KancyAI Docs
Build with every frontier model through one stable API.
KancyAI provides an OpenAI-compatible gateway for text, image, video, and voice models. Use one API key, one base URL, and one operational layer for model switching, usage control, and billing visibility.
https://api.kancy.ai/v1
Quickstart
If your application already uses the OpenAI SDK, point the client at the KancyAI base URL
and replace the API key. You can then choose any provider-specific model such as
gpt-4o or claude-3-opus.
curl https://api.kancy.ai/v1/chat/completions \
-H "Authorization: Bearer $KANCY_API_KEY" \
-H "Content-Type: application/json" \
-d '{
"model": "gpt-4o",
"messages": [
{"role": "user", "content": "Draft a concise API launch note"}
]
}'
Authentication
Every request uses bearer-token authentication. Create separate API keys for production, staging, and local development so usage and permissions remain easy to audit.
Authorization: Bearer $KANCY_API_KEY
Project keys
Scope keys to a product, environment, or team so quotas and spend can be managed independently.
Rotation
Rotate keys without changing provider credentials inside your application code.
Chat Completions
Use chat completions for reasoning, summarization, extraction, tool planning, and agent
workflows. The endpoint supports provider-specific models — switch between them by
changing the model field in each request.
POST /v1/chat/completions
{
"model": "claude-3-opus",
"messages": [
{"role": "system", "content": "You are a precise technical assistant."},
{"role": "user", "content": "Compare these two vendor contracts."}
],
"temperature": 0.2
}
Image Generation
Generate product visuals, article covers, marketing assets, and design references through a unified media endpoint. Choose any image model such as Google, OpenAI Image, MiniMax Image, or ByteDance Image by specifying its model ID.

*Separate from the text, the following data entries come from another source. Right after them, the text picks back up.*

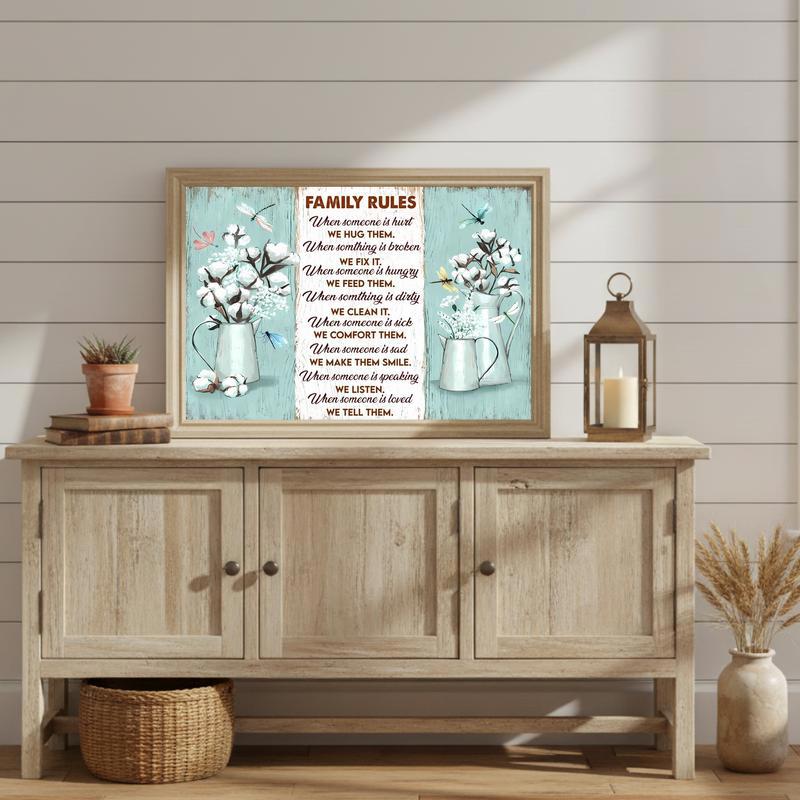 Family Rule Canvas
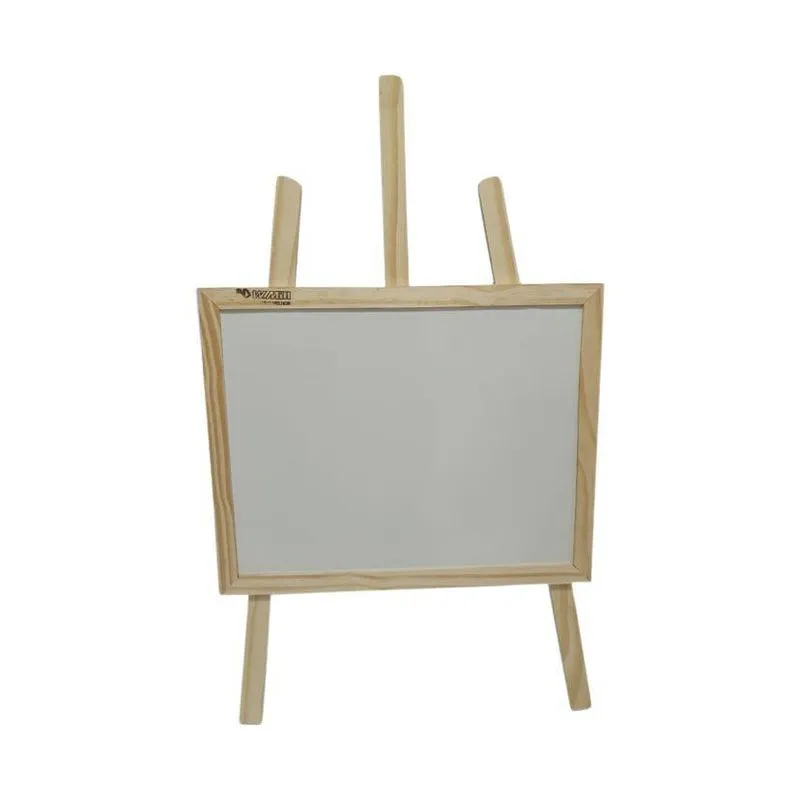 Cavalete Infantil Lousa Branco 50x40 Em Madeira W Mill Cavalete Infantil Lousa Branco 50x40 Em Madeira W Mill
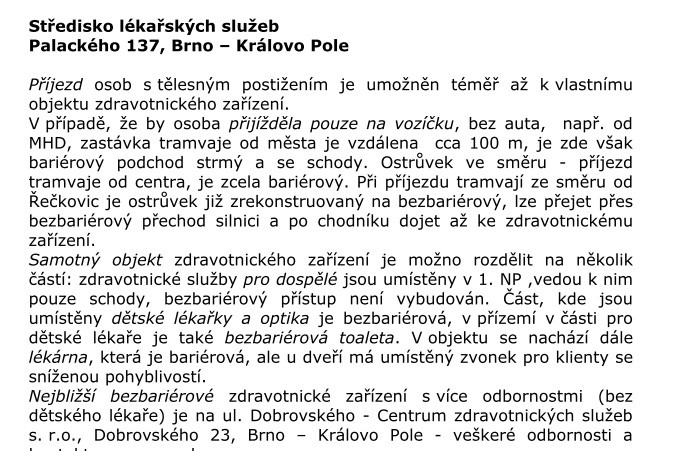 Středisko lékařských služeb
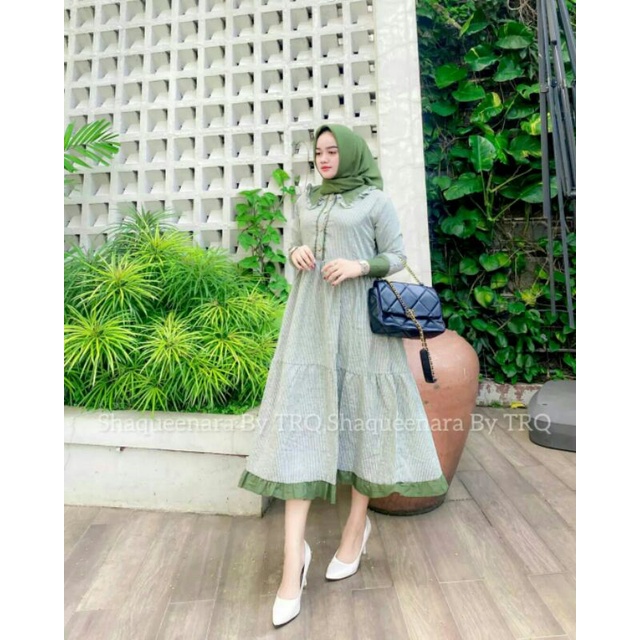 MIDI DRESS SALUR SHAQUEENARA BY TRQ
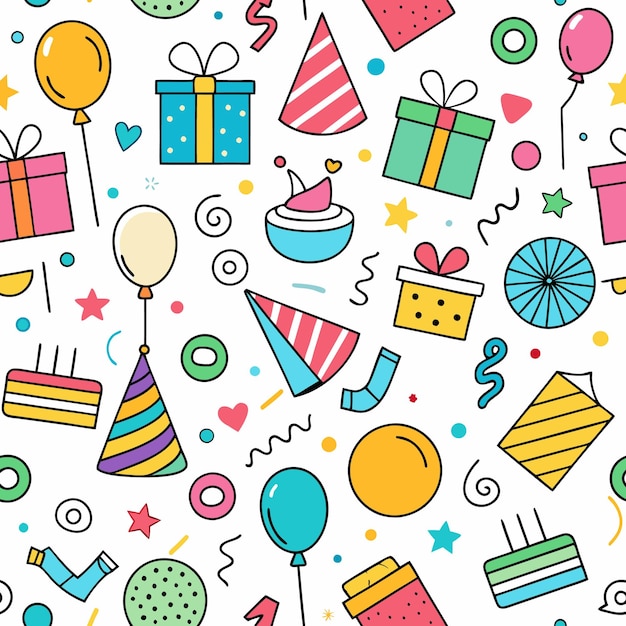 dibujos coloridos con temas de cumpleaños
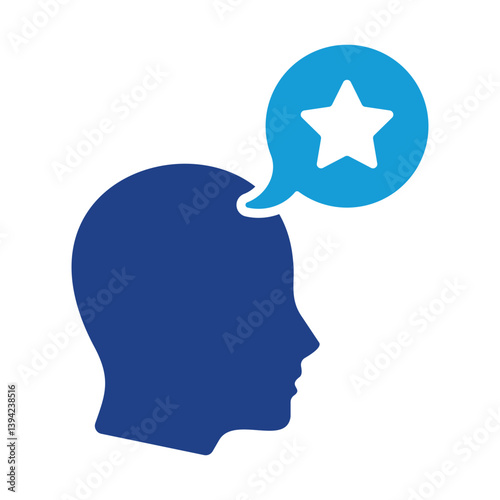 Desire Blue Icon Vector Illustration.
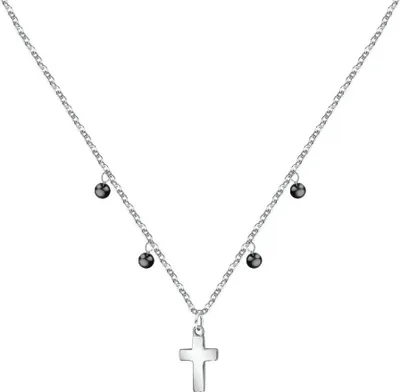 Image de Collier intemporel en acier avec pendentifs Famille LPS10ASF07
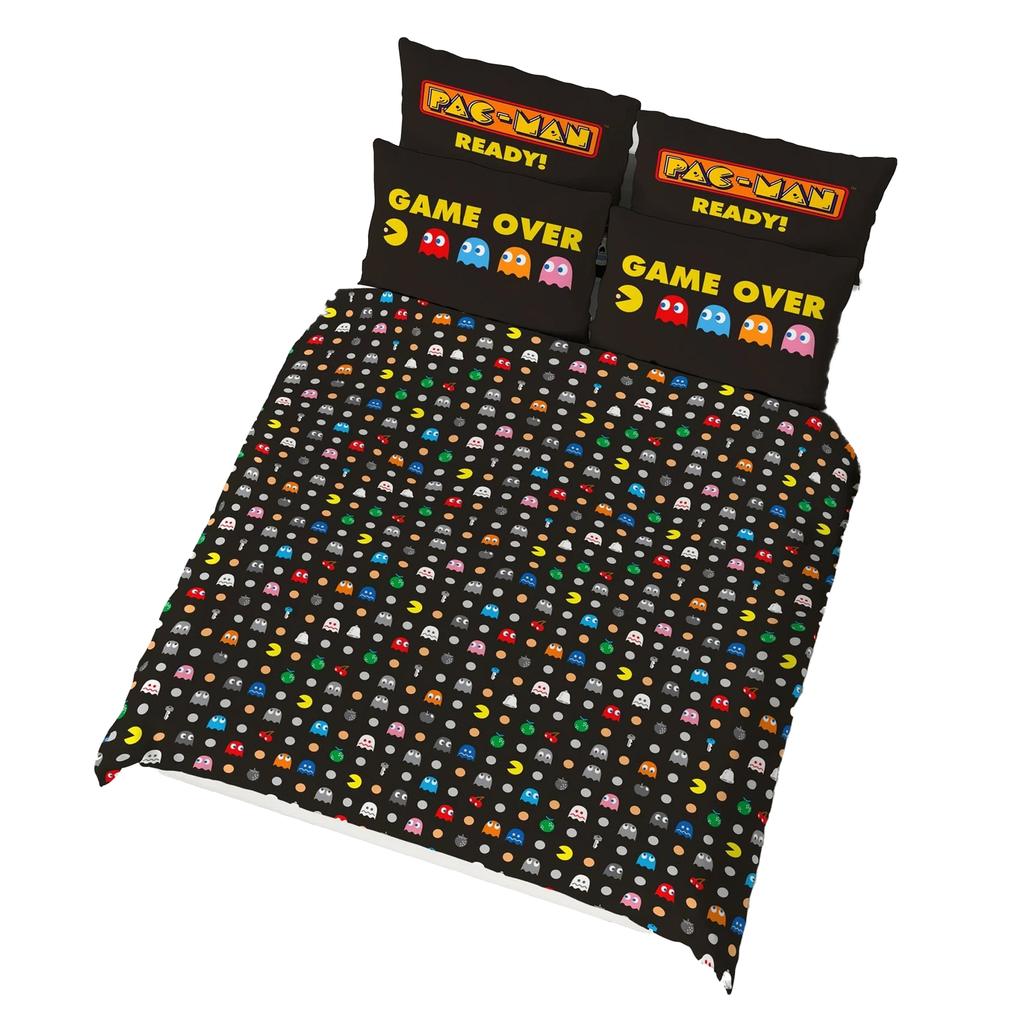 Pac-Man Maze Reversible Duvet Set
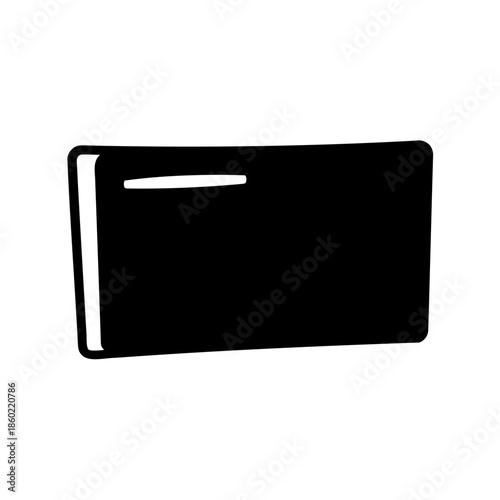 Isolated black book on white background, perfect for use in creative designs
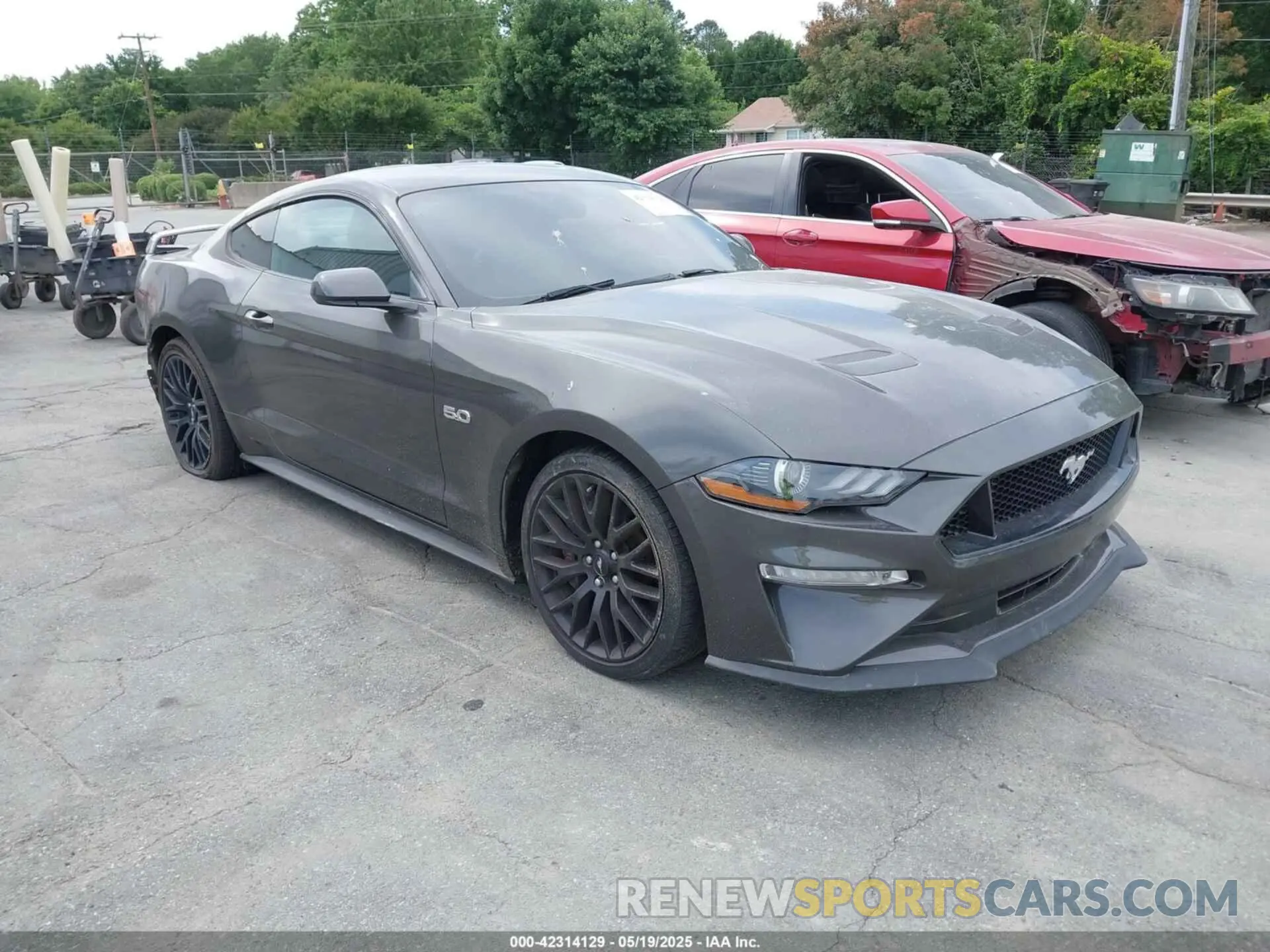 1 Photograph of a damaged car 1FA6P8CF0K5124320 FORD MUSTANG 2019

POST /v1/images/generations
{
"model": "google-image",
"prompt": "A clean enterprise API dashboard, realistic product UI",
"size": "1536x1024"
}
Video Generation
Video generation is asynchronous. Create a job, store the returned job ID, then poll the job status or configure a webhook once your workspace enables callbacks.
POST /v1/videos/generations
{
"model": "kling-video",
"prompt": "A calm walkthrough of a global model gateway network",
"duration": 6,
"aspect_ratio": "16:9"
}
Model Switching
KancyAI does not perform automatic dynamic routing. Instead, you stay in full control:
every request runs against the exact model you specify. Switch between providers and
model families at any time by changing the model field — no code changes,
no provider SDK swaps, no fallback configuration required.
Explicit selection
Pass a provider-specific model ID such as gpt-4o or claude-3-opus to target the exact model you want.
Switch on demand
Change the model ID from one request to the next to compare results, control cost, or match each task to the best model.
One consistent API
Request and response shapes stay the same across every provider, so switching models never breaks your application code.
No vendor lock-in
Keep a single base URL and API key. Add or remove models from your stack without re-wiring authentication or billing.
Model IDs
Use direct model IDs to choose the exact provider and model for each request. Switch
between models at any time by changing the model field — KancyAI keeps
the request and response format identical across every provider.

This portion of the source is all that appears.